Exercise data Block Start
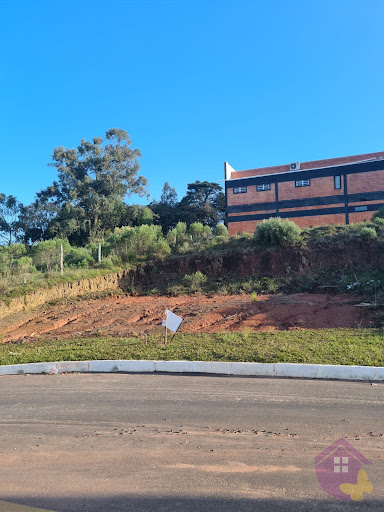 Lote / Terreno em Petrópolis  -  Lages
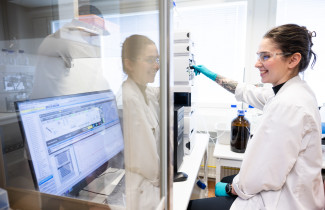 Opiskelija farmasian laboratoriossa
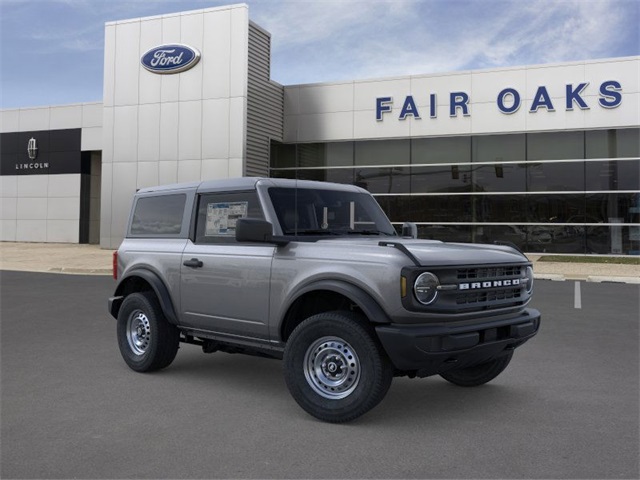 2025 Ford Bronco Base photo 6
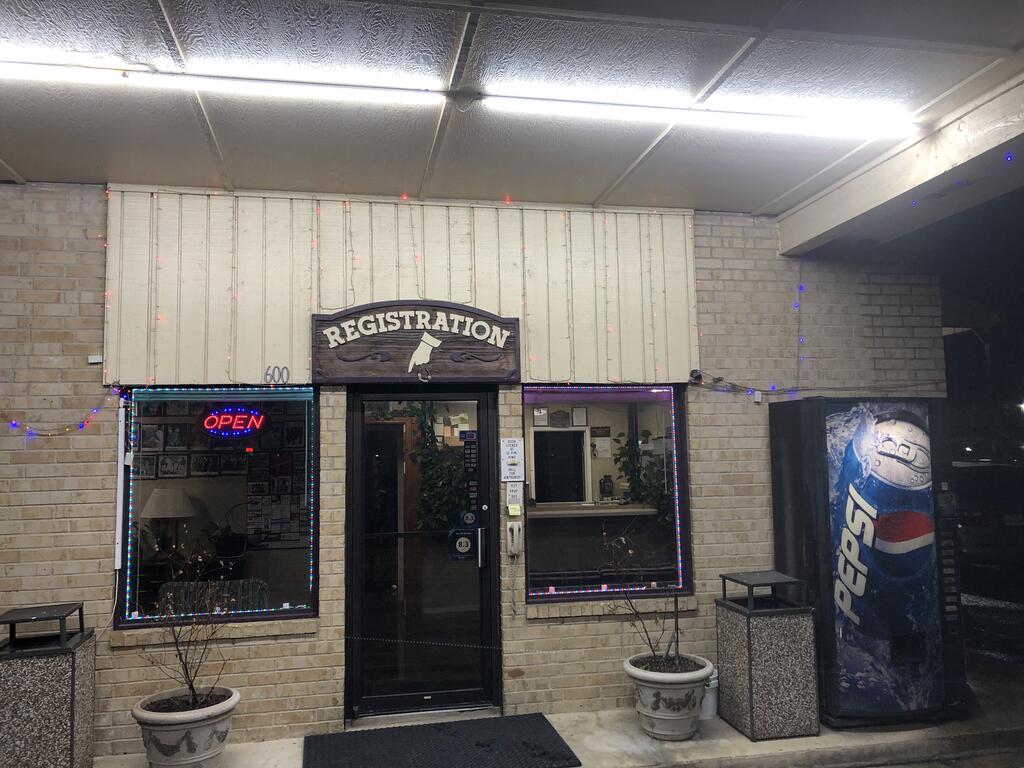 Inn At Mexia - thumb 1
Exercise data Block End
Task statement:
Repeat exactly the lines from the one containing "2025 Ford Bronco Base photo 6" to the last line of the data above, both included, and write no pictures into the copy.

Answer to this problem:
 2025 Ford Bronco Base photo 6
 Inn At Mexia - thumb 1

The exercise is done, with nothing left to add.